Each line in the records below that has the word "vintage" should be copied.

Content starts

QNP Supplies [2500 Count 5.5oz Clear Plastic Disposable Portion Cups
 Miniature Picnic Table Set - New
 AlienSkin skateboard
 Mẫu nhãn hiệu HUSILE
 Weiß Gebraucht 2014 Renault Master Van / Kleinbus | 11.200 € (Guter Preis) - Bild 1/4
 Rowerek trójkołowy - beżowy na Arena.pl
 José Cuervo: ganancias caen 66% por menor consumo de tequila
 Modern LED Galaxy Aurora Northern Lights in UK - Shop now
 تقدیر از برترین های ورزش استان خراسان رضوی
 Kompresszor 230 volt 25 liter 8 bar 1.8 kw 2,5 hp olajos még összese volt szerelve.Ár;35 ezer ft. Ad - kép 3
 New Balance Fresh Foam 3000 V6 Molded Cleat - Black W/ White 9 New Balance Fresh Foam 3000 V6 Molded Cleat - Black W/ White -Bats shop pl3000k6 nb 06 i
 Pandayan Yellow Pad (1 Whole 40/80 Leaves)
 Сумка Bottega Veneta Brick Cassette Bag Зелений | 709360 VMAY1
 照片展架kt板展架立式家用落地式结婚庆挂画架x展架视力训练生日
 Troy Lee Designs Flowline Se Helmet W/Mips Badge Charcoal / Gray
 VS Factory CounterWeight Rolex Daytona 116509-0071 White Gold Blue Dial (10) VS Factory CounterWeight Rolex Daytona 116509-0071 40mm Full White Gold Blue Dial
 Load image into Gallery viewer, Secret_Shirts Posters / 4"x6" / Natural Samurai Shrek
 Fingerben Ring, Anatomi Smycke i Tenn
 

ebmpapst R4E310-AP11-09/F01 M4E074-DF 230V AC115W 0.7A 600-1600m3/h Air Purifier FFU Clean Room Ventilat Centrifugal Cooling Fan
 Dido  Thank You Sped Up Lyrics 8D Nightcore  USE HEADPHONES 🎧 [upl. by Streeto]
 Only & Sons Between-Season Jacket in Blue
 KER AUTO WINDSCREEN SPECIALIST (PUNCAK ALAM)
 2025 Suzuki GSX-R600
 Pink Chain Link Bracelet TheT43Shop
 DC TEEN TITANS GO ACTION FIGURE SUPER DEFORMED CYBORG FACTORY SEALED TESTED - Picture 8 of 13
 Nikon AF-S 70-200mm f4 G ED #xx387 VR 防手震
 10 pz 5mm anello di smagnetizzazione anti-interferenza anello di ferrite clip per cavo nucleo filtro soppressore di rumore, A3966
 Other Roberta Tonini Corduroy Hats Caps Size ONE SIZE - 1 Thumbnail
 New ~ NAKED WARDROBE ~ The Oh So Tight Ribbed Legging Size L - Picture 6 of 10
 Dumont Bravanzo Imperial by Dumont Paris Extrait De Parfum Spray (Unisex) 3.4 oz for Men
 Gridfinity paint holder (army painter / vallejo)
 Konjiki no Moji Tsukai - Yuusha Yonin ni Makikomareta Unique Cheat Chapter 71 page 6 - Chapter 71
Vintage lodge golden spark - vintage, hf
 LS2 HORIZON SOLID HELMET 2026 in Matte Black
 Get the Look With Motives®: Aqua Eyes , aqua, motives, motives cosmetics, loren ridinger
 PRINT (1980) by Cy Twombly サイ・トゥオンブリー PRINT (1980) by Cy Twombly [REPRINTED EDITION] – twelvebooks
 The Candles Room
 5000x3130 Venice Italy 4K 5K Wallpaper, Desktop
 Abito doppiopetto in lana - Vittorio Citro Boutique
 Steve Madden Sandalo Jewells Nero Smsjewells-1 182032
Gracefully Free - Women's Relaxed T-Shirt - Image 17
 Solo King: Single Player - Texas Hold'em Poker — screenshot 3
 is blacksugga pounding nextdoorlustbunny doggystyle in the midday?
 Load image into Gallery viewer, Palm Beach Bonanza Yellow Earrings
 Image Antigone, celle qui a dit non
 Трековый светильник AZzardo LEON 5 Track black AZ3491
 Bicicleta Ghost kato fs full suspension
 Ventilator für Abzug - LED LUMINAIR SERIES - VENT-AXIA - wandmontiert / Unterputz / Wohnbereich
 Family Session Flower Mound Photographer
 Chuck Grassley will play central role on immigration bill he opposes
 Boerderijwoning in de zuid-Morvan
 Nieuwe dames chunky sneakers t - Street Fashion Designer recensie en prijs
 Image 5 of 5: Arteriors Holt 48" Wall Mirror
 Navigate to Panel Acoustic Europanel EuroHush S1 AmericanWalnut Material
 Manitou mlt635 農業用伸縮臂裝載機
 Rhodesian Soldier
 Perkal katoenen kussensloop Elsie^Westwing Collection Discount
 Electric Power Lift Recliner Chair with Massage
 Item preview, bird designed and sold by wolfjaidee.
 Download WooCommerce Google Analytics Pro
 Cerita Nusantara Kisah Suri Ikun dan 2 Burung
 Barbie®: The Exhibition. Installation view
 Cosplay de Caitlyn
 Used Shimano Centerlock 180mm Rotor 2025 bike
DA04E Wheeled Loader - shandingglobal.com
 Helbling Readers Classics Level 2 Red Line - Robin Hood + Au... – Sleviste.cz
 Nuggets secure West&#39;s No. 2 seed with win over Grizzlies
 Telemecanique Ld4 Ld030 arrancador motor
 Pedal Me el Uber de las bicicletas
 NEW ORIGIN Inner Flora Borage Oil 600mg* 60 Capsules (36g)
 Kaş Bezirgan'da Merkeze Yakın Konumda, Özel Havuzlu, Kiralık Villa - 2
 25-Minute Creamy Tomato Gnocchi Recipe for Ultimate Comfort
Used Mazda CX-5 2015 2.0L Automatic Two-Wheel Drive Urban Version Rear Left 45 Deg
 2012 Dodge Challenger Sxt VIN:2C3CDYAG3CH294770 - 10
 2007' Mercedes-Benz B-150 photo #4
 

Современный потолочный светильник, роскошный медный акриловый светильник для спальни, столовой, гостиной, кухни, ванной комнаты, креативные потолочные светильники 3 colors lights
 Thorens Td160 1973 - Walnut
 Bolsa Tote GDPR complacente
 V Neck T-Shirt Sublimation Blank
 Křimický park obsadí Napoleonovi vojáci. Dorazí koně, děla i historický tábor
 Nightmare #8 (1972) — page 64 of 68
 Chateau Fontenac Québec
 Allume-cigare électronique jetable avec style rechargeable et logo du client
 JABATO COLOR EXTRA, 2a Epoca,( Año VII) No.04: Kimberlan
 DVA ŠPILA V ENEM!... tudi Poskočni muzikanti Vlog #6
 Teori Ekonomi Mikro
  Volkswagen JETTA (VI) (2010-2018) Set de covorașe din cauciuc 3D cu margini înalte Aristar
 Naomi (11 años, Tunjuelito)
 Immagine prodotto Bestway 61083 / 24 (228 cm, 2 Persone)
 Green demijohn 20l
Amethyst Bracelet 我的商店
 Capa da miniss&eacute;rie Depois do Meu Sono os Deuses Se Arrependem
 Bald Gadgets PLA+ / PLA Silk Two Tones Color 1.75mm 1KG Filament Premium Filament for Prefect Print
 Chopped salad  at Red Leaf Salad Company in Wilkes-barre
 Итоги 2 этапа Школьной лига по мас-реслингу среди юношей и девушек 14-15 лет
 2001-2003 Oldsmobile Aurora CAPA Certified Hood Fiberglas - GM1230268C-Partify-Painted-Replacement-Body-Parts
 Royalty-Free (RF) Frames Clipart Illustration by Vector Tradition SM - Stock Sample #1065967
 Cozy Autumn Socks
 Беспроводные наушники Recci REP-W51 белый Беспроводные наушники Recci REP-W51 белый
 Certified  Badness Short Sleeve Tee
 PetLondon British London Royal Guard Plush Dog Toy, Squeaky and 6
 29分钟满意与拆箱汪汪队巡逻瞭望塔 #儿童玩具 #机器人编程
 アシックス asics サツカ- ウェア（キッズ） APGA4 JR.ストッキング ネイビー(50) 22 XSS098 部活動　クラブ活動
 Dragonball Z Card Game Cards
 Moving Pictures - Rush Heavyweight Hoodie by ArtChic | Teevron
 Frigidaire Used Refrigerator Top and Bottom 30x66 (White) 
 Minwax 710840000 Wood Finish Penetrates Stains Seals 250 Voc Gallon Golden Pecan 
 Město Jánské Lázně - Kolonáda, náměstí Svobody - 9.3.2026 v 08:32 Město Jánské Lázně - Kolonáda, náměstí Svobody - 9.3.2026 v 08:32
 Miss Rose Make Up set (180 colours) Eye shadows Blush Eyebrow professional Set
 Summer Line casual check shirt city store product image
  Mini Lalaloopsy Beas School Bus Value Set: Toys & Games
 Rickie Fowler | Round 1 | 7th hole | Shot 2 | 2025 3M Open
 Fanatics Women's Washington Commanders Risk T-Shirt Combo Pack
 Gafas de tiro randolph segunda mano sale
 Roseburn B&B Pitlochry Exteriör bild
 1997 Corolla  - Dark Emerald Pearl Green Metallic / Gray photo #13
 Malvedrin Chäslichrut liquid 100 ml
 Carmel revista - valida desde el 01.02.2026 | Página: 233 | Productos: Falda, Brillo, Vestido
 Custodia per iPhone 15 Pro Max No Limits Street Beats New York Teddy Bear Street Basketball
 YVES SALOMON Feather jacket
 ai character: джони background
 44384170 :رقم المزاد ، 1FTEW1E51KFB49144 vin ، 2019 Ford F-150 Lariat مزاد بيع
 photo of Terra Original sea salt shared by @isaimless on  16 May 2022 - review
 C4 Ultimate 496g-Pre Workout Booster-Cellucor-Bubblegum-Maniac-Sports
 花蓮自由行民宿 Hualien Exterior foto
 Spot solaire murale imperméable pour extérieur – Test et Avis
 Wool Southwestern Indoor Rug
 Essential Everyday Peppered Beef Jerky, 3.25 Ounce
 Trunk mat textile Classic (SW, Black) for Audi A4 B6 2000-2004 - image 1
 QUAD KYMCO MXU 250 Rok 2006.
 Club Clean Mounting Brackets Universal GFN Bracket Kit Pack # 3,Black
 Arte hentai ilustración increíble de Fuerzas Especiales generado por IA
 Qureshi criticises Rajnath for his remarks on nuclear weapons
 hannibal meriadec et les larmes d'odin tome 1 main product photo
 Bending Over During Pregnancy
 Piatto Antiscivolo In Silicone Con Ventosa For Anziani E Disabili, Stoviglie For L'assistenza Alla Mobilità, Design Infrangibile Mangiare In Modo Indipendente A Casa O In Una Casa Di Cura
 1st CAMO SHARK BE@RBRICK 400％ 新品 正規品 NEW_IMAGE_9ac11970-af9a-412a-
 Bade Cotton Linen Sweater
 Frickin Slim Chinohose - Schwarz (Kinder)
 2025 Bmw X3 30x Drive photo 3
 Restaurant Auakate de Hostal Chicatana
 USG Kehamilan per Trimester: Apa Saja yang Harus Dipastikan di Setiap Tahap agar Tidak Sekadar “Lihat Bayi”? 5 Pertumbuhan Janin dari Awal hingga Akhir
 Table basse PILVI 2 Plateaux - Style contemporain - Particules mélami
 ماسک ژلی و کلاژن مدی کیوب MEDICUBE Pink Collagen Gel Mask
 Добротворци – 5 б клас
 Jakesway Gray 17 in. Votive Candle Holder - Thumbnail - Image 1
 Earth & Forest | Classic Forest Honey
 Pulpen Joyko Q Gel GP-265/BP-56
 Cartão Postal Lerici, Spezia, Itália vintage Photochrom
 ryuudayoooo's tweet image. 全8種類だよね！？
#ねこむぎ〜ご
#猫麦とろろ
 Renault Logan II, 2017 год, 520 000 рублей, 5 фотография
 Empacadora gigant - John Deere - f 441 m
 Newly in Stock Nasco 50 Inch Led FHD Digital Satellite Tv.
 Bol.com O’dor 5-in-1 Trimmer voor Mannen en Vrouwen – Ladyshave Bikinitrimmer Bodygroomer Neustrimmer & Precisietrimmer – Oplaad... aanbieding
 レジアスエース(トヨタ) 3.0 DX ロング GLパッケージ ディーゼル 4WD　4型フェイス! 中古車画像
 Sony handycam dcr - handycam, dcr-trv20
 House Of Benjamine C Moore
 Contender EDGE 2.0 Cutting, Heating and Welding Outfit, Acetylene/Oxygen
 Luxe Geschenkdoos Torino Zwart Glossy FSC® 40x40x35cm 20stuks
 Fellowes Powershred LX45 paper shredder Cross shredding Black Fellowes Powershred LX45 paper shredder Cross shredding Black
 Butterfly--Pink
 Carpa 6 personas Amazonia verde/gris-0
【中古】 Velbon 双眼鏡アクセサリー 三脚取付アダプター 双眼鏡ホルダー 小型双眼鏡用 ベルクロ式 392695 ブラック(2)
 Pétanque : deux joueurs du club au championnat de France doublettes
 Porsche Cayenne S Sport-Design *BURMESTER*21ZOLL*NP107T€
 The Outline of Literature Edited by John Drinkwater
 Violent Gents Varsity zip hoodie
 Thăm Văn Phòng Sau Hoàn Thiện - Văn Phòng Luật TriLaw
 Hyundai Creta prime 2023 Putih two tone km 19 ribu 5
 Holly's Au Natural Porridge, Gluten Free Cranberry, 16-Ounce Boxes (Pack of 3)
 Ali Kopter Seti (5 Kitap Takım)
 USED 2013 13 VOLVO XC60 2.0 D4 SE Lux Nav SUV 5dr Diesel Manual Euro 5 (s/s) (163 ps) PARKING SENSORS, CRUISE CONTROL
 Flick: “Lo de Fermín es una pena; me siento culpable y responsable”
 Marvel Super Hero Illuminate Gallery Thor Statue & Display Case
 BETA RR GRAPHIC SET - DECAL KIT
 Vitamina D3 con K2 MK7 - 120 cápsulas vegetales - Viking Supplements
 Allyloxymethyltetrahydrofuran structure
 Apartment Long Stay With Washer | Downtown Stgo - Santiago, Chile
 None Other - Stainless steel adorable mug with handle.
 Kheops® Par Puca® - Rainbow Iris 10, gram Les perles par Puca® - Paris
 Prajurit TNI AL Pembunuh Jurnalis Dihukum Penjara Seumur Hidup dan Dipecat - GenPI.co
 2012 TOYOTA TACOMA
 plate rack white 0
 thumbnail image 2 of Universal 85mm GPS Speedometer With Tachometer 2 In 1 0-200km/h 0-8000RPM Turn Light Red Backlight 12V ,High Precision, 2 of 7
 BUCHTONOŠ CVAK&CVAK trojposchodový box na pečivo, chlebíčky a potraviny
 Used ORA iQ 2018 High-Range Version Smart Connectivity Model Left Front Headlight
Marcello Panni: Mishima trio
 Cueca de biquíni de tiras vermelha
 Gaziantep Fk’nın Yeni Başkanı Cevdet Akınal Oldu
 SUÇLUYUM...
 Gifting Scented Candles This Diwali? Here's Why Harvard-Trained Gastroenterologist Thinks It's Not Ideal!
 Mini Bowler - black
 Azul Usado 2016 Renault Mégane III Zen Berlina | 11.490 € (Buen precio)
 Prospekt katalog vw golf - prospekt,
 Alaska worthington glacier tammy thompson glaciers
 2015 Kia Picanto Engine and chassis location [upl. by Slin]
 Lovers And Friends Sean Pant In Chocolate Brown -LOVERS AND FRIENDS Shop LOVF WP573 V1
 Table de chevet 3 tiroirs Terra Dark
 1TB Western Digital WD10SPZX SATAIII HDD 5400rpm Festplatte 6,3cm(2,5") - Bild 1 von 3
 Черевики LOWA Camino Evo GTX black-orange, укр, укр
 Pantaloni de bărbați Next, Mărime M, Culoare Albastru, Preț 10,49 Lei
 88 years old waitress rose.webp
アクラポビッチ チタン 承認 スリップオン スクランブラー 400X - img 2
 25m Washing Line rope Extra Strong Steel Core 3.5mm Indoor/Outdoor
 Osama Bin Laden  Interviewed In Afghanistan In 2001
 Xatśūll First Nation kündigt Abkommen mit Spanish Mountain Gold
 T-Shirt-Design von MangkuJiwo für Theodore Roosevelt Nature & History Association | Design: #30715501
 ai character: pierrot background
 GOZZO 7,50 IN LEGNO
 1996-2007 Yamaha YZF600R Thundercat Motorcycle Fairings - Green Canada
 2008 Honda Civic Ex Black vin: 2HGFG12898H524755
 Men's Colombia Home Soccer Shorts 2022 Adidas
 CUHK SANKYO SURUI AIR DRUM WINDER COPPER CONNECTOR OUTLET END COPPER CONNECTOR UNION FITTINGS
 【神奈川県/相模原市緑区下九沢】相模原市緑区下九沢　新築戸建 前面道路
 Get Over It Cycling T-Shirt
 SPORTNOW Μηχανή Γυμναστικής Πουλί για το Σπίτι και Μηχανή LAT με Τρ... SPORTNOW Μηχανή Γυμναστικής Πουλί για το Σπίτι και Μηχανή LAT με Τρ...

Content ends

→ **Exercise answer**:
Vintage lodge golden spark - vintage, hf
 Cartão Postal Lerici, Spezia, Itália vintage Photochrom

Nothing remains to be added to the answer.